(Drivebycuriosity) - AI is eating the world. There are not many parts of the economy that are not yet influenced by Artificial Intelligence and its influence is rising with exponential speed. Anil Ananthaswamy describes in "Why Machines Learn: The Elegant Math Behind Modern AI" how mathematicians developed the building blocks (algorithm) for ChatGPT and other versions of machine learning ( amazon).
Ananthaswamy narrates the evolution of AI, the breakthroughs, the setbacks and the fermentation process of thinking. Scientists have been developing algorithms that can learn to discern patterns in data without being explicitly programmed to do so. "Machines can learn because of the extraordinary confluence of math and computer science, with more than a dash of physics and neuroscience added to the mix".
The book is full of information, spiced with mathematics & anecdotes. This humble blog can only present some tidbits here:
Inspired By Biology
The AI developers are inspired by biology and evolution. For instance: "Even fruit flies are thought to use some form an algorithm to react to odor: When a fly senses some odor and another odor most like it for which it already has the neural mechanisms to respond behaviorally."
The scientists noticed that "our brains learn because connections between neuron strengthen when one neuron`s output is consistently involved in the firing of another, and they weaken when this is not so".

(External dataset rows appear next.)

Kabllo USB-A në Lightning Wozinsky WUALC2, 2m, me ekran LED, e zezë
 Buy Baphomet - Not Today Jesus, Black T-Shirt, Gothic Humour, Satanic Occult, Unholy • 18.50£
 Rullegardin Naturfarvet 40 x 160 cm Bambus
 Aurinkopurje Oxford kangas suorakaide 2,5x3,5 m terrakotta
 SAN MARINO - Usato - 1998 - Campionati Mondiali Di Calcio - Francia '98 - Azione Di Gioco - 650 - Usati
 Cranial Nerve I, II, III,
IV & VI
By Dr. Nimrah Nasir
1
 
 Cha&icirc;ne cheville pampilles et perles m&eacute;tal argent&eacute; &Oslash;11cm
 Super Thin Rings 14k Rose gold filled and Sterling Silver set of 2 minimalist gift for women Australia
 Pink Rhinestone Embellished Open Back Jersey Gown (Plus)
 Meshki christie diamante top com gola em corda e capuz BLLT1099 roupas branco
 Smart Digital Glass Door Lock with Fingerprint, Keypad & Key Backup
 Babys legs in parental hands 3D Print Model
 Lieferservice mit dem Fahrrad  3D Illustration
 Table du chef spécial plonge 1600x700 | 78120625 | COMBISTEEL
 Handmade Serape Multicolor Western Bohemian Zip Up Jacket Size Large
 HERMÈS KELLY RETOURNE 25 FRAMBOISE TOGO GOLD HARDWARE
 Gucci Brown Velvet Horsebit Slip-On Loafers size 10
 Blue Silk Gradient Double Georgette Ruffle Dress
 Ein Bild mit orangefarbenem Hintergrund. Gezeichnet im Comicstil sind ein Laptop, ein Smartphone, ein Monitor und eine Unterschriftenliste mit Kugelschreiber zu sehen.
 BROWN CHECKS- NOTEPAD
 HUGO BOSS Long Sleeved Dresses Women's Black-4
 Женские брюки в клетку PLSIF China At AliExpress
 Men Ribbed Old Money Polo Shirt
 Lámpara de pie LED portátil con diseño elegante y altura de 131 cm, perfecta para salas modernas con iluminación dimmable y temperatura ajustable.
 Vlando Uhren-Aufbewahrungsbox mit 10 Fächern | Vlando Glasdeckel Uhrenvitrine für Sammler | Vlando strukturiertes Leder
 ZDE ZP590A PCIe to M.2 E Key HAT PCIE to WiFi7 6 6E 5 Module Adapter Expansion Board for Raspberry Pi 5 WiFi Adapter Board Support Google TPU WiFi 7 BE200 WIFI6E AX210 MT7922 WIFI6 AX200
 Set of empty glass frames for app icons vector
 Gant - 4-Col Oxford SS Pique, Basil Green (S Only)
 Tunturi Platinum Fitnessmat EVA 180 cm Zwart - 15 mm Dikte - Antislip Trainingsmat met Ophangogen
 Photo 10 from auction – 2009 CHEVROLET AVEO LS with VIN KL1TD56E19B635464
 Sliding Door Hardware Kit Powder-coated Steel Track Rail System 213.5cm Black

Psychologist Frank Rosenblatt designed "artificial neurons that reconfigure as they learn, embodying information in the strength of their connections". The machine (the algorithm), once it had learned, contained knowledge in the strengths (weights) of its connections.
Learning About Patterns
In 1982 the American Physicist John Hopfield declared that neurobiological systems - our brains included - are dynamical and can be mathematical modeled as such. Given one instance of data, the network can memorize it. But an awful lot of the learning our brains do is incremental: Given enough data, we slowly learn about patterns in them.
An LLM (Large Language Model) is an example of generative AI. It has learned an extremely complex, ultra-high-dimensional probability distribution over words, and it is capable of sampling from this distribution, conditioned on the input sequence of words. There are other types of generative AI, but the basic idea behind them is the same: They learn the probability distribution and then sample from the distribution, either randomly or conditional on some input, and produce an output that looks the like training data.
Ananthaswamy writes "Every deep neural network today - with millions, billions, possibly trillions of weights - uses some form of gradient descent for training". Google AI explains: "Gradient descent is an iterative optimization algorithm used in machine learning to find the minimum of a function by taking steps in the opposite direction of the function's gradient. It works by repeatedly calculating the gradient of a cost function and updating the model's parameters (like weights and biases) to reduce the cost. This process is repeated until a minimum is reached, which can be a local or global minimum".
Listening To Neurons
ChatGPT & Co. are based on huge networks. A network could solve a problem or have a function that was beyond the capability of a single molecule and a linear pathway. In our network each neuron is listening to every other neuron. Neuron 1 is getting inputs from 99 other neurons. Then neuron 1 will calculate the weighted sum of the inputs from 99 neurons and will set its output to 1+ if the weighted sum is greater than zero; otherwise to -1. Of course, these network are simulations inside a computer, so they don´t really have a physical energy. But one could use this formula to calculate a number that`s analogue to physical energy.
The French-American computer scientist Yann André Le Cun said: "I always thought that human engineers would not be smart enough to conceive and design an intelligent machine. It will have to basically design itself through learning. I thought learning was an essential part of intelligence."
A team member who was training the neural network went on vacation and forgot to stop the training algorithm. When he came back, he found to his astonishment that the neural network had learned a general form of the addition. It`s as if it had understood something deeper about the problem than simply memorizing answers for the sets of numbers on which is was being trained.
Broadly Accurate Predictions
If the network works on something for long enough time, which is a very long time, many orders of magnitude longer than it takes to memorize the training set, then suddenly they figure out the deeper underlying patterns and are able to generalize and kind of make broadly accurate predictions about the other problems in the dataset.
These large networks are extremely adept at machine learning, meaning figuring out the patterns that exist in data (or correlations between inputs and outputs) and using the knowledge to make predictions when given new inputs.
Most of the mathematics is beyond me, but Ananthaswamy reintroduced me into the magic of calculus - and I learned much more. Anyway, the book helps me to follow the discussion about AI which is getting more important every day. Recommended!